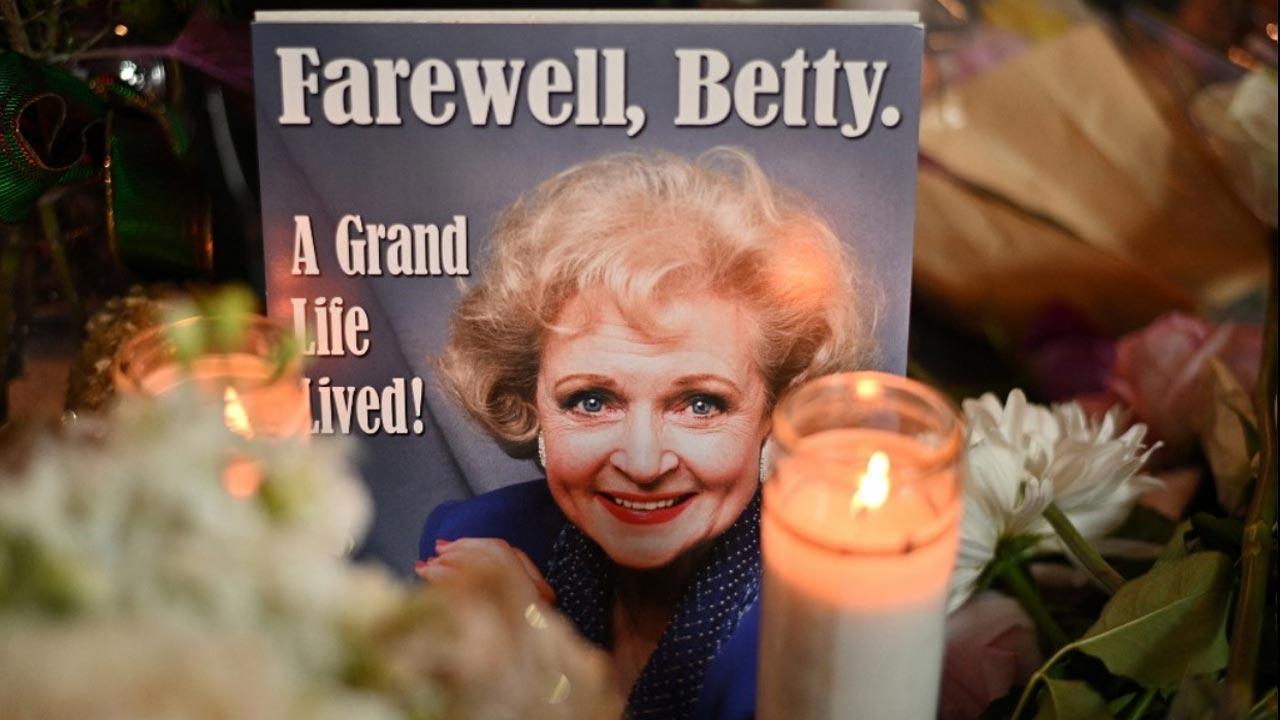 Betty White to have private funeral, confirms her publicist 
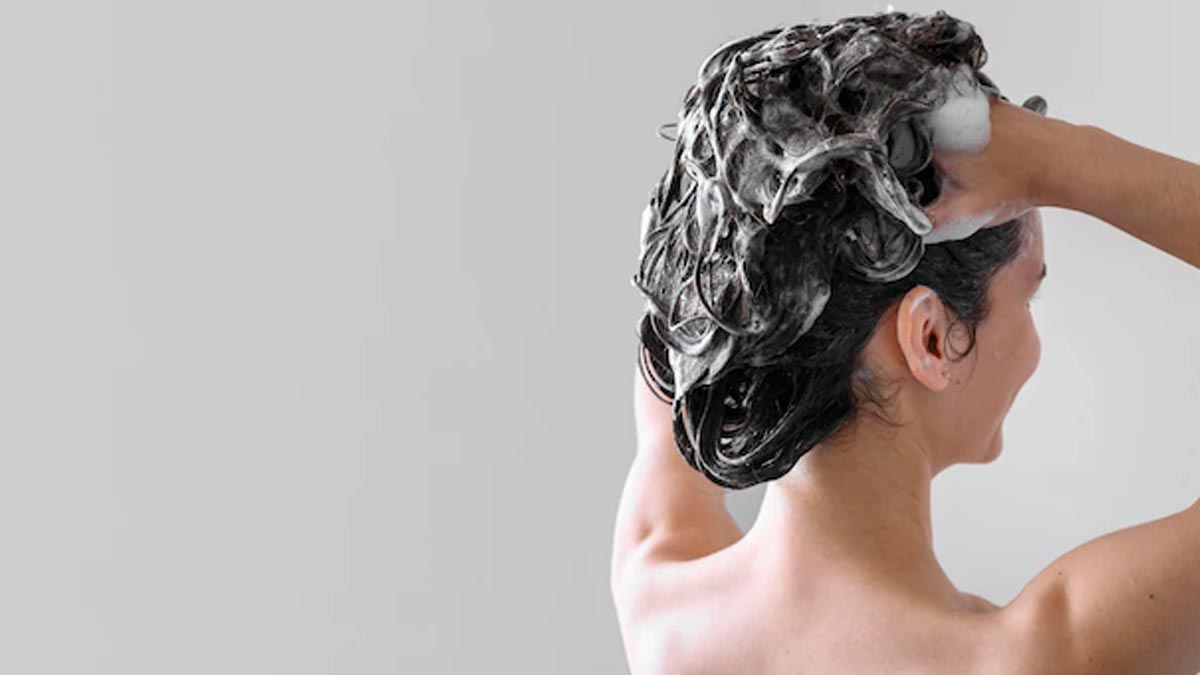 How to remove colour from hair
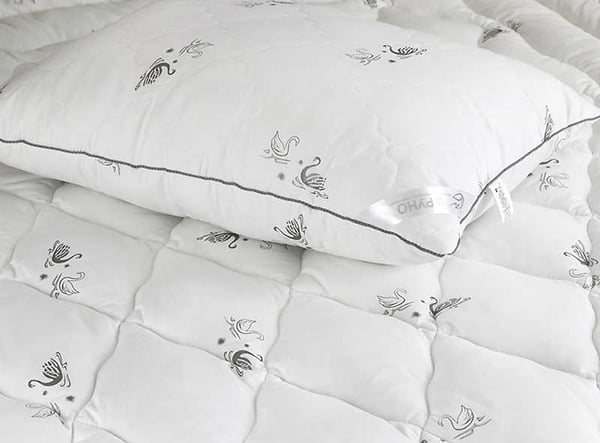 Фото - Ковдра зимова полуторна Руно 140х205 зі штучного лебединого пуху (321.52_Silver Swan)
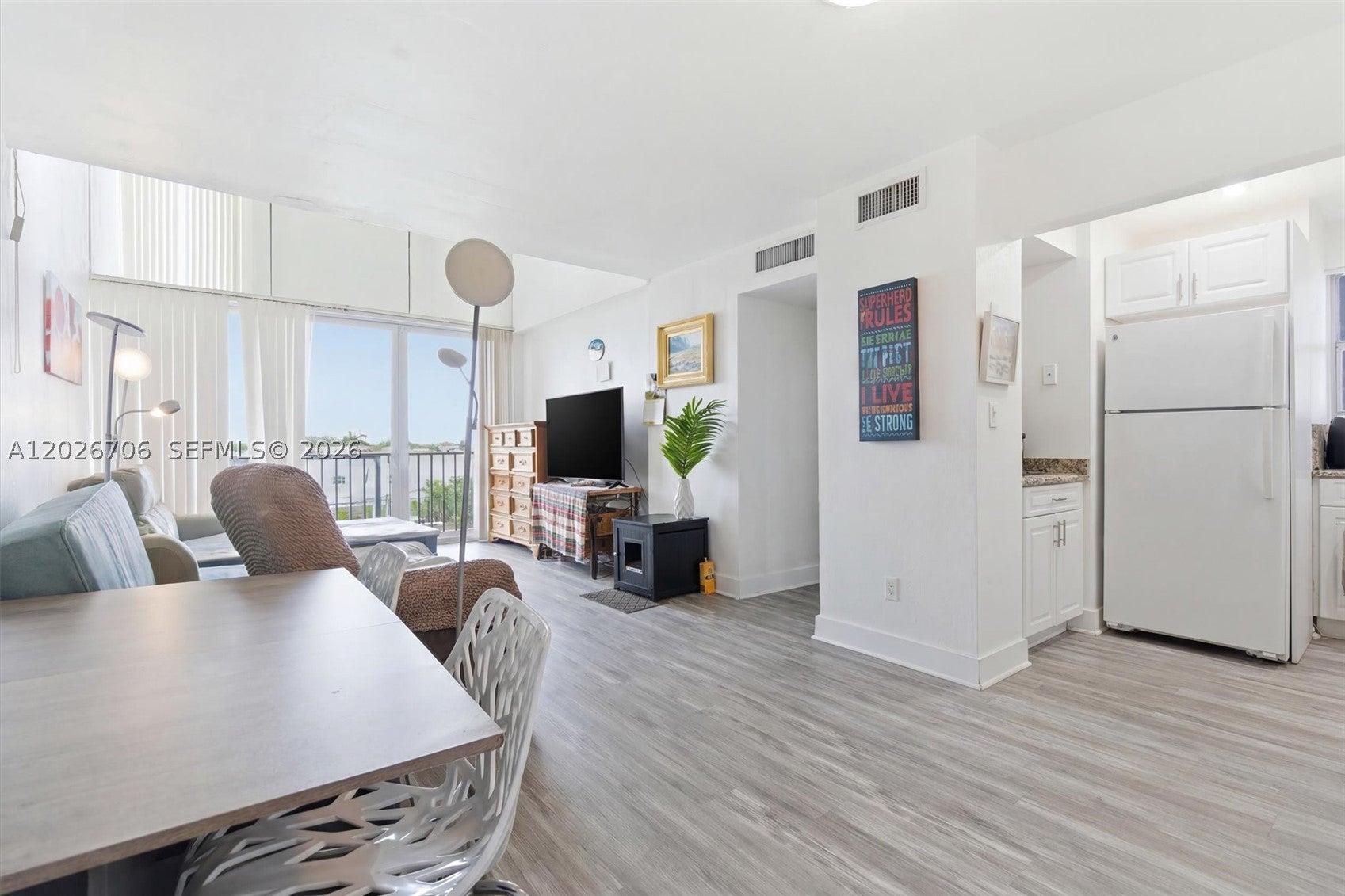210 Fontainebleau Blvd 402, Miami FL 33172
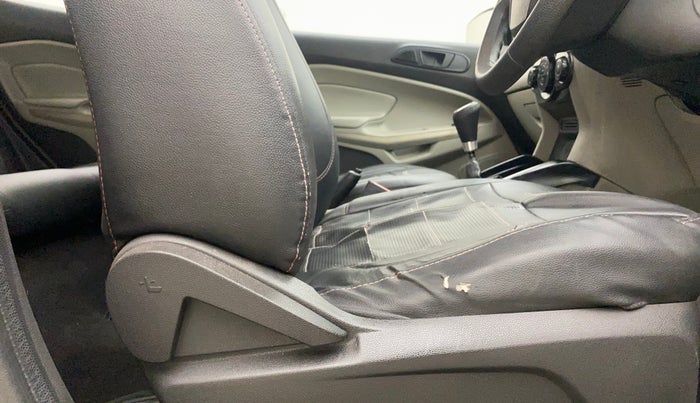 2014 Ford Ecosport AMBIENTE 1.5L DIESEL, Diesel, Manual, 1,06,811 km, Driver Side Adjustment Panel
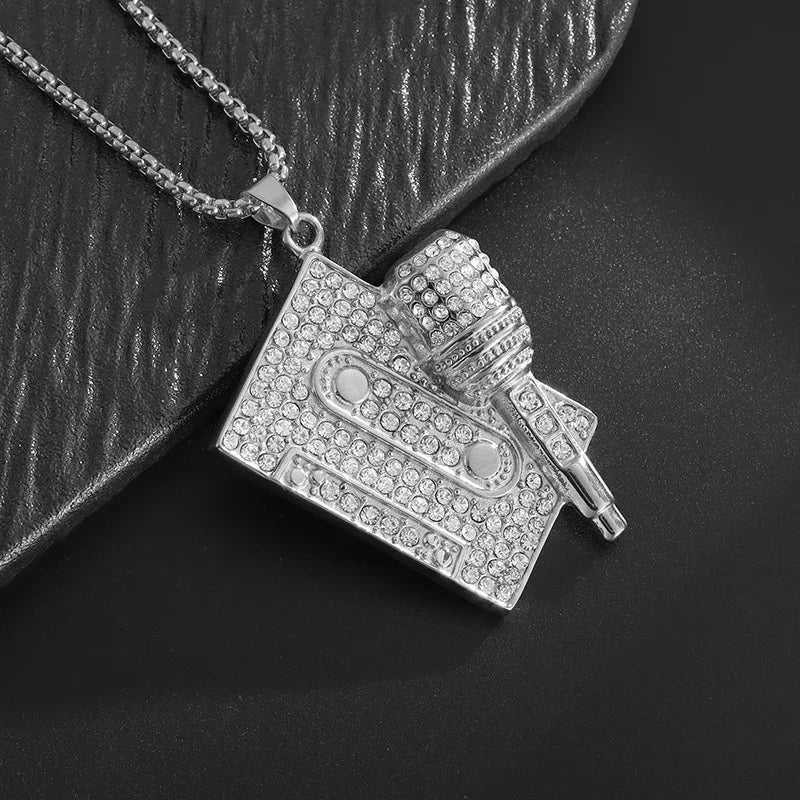 Exquisite Creative Bubble Letter Xo Inlaid White Zircon Pendant Necklace Men\\'s Fashion Casual Party Jewelry Holiday Gifts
+ + + + +
§ Exercise prompt: Return nothing except the lines from the line with "Фото - Ковдра" through the last line of the records above, copied exactly and without pictures.

§ Result below:
 Фото - Ковдра зимова полуторна Руно 140х205 зі штучного лебединого пуху (321.52_Silver Swan)
210 Fontainebleau Blvd 402, Miami FL 33172
 2014 Ford Ecosport AMBIENTE 1.5L DIESEL, Diesel, Manual, 1,06,811 km, Driver Side Adjustment Panel
 Exquisite Creative Bubble Letter Xo Inlaid White Zircon Pendant Necklace Men\\'s Fashion Casual Party Jewelry Holiday Gifts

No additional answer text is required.